# Chapter 5 R Programming

## 5.1 What is R?

The R statistical programming language is a free, open source package based on the S language developed by John Chambers.

### 5.1.1 Some history of R and S

S was further developed into R by Robert Gentlemen (Canada) and Ross Ihaka (New Zealand)

### 5.1.2 It is:

- Large, probably one of the largest based on the user-written add-ons/procedures
- Object-oriented
- Interactive
- Multiplatform: Windows, Mac, Linux

According to John Chambers (2009), six facets of R:

- an interface to computational procedures of many kinds;
- interactive, hands-on in real time;
- functional in its model of programming;
- object-oriented, “everything is an object”;
- modular, built from standardized pieces; and,
- collaborative, a world-wide, open-source effort.

## 5.2 Why R?

- A programming platform environment
- Allow development of software/packages by users
- Currently, the CRAN package repository features over 14,000 available packages (as of May, 2019).
- Graphics!!!
- Scaleble and Portable
- Interface with other platform/langauges (e.g.

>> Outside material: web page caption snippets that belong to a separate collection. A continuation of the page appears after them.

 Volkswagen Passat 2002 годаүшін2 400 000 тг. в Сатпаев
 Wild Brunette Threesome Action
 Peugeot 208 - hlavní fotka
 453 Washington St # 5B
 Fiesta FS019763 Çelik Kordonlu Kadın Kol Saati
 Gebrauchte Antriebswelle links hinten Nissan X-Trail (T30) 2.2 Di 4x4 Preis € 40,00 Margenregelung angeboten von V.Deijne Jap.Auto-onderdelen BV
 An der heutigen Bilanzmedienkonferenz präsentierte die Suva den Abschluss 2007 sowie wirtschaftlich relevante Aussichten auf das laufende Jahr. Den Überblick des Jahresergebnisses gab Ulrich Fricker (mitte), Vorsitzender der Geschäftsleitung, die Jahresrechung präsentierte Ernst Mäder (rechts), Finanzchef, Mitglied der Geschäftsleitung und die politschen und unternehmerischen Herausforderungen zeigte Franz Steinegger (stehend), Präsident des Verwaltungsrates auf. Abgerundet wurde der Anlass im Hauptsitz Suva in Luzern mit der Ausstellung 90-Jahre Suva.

C++, Python, JavaScript, Stan, SQL)
- Comparing R with other software?

Source: Oscar Torres-Reyna. 2010. Getting Started in R~Stata Notes on Exploring Data

## 5.3 RStudio

RStudio is a user interface for the statistical programming software R.

- Object-based environment
- Window system
- Point and click operations
- Coding recommended

- Expansions and development
- a multi-functional Integrated Development Environment (IDE)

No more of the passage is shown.